En dépit des grandes richesses de son sol, l’Algérie ne cesse de s’enliser


Mehdi Ouassat
Vendredi 9 Juin 2023

Son PIB en dit long

Cancre de la classe et fière de l’être
Pour la première fois depuis son indépendance, l’Algérie affiche le PIB par habitant le plus faible par rapport à ses voisins du Maghreb. Cette réalité économique inquiétante met en lumière le retard considérable que ne cesse d’accuser le pays. Malgré ses gigantesques richesses naturelles, l’Algérie n'est plus en mesure de masquer ses difficultés économiques, qui devraient s'aggraver d'ici 2028. Selon des données de la Banque mondiale, le PIB par habitant de l'Algérie se situait à 3.691 dollars en 2021, dernière année pour laquelle les statistiques sont disponibles, contre 3.807 dollars pour la Tunisie et 3.795 dollars pour le Maroc.
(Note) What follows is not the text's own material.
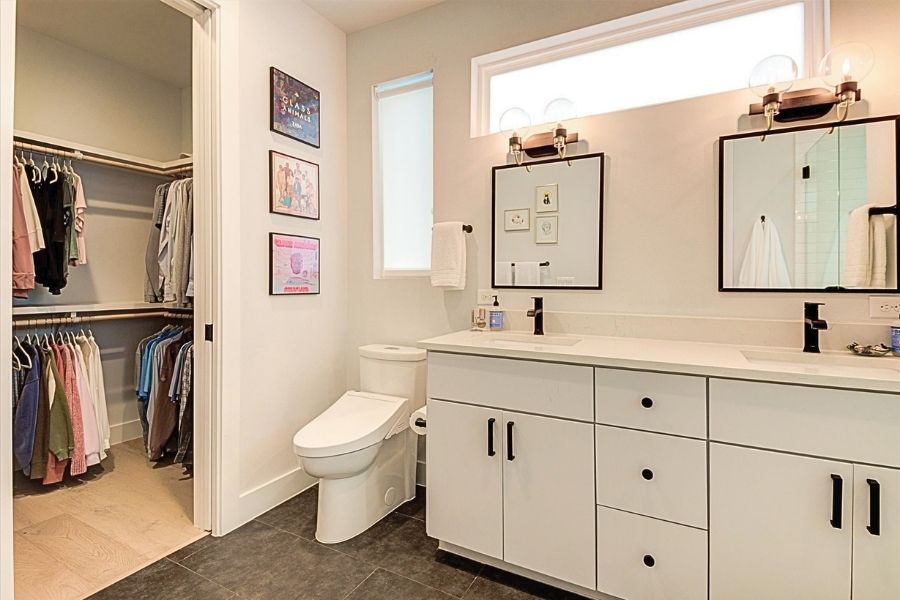 916 East 50th Street, Unit 1 Austin, TX 78751 - Photo 17 of 36 Walk-in closet off of the primary bathroom, which features a bidet toilet, matte black hardware / plumbing fixtures, soft close drawers and quartz countertops.
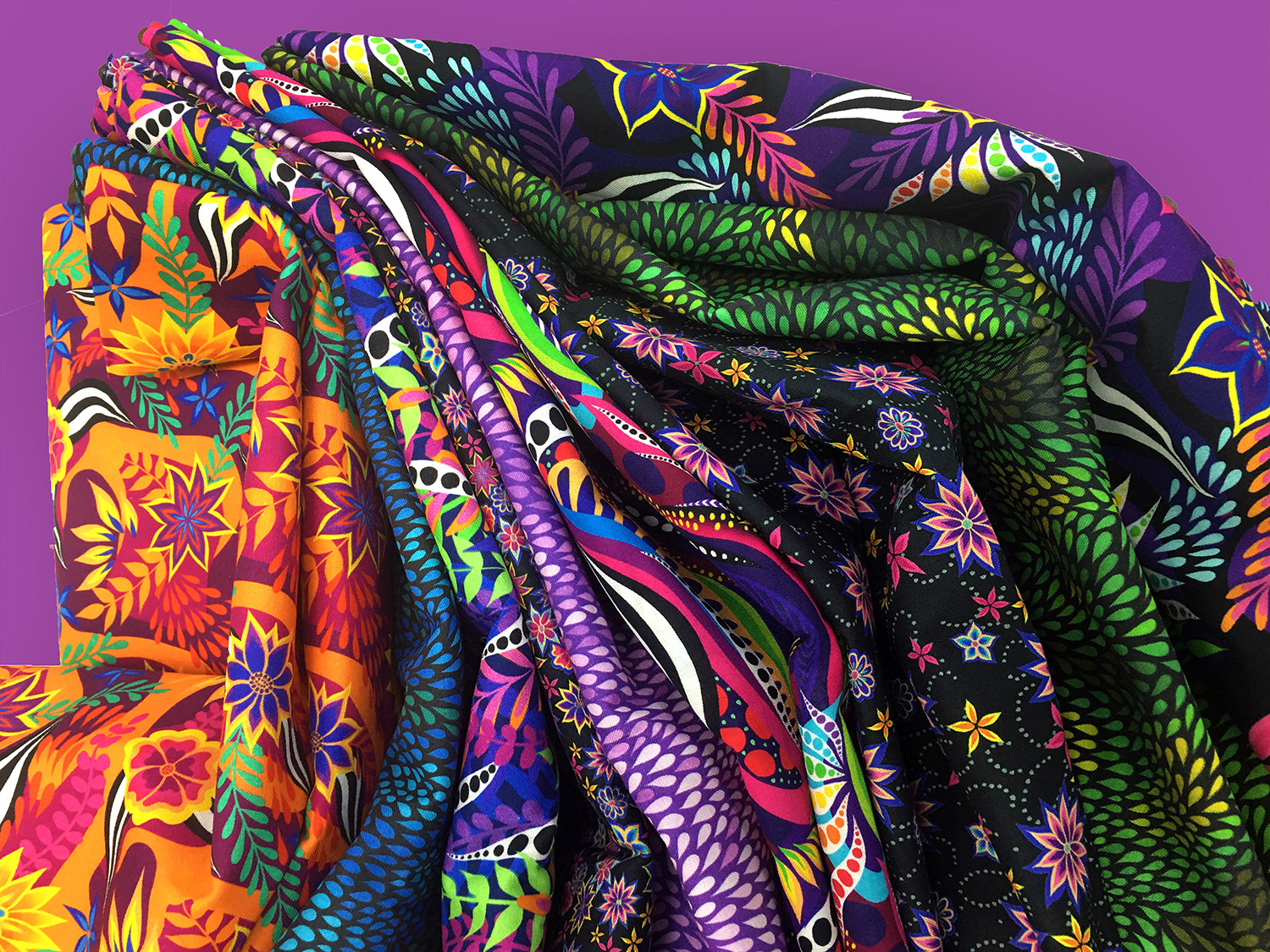 stack of colorful abstract and botanical printed quilt fabrics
Politiques économiques inefficaces

 «En dépassant l’Algérie, le Maroc et la Tunisie ont ainsi réalisé une remarquable performance, vu leurs faibles richesses naturelles en comparaison avec leur voisin, un des principaux producteurs mondiaux d’hydrocarbures», explique Ilyes Zouari, président du Centre d’étude et de réflexion sur le monde francophone (CERMF). «Premier producteur africain de gaz naturel et troisième pour le pétrole, l’Algérie a en effet extrait 101 milliards de mètres cubes de gaz naturel en 2021 et environ 900 mille barils de pétrole par jour au cours de la même année, soit respectivement 53 fois et 24 fois plus que la Tunisie, dont les maigres richesses en la matière sont pourtant, elles-mêmes, considérablement supérieures à celles, quasi nulles, du Maroc. La production marocaine en hydrocarbures est si insignifiante que le pays n’a produit, par exemple, que 250 barils de pétrole par jour en 2021, soit environ 3.600 fois moins que l’Algérie, 150 fois moins que la Tunisie… et même 52 fois moins que la France, réputée être un pays sans pétrole avec seulement 13 mille barils par jour», souligne-t-il.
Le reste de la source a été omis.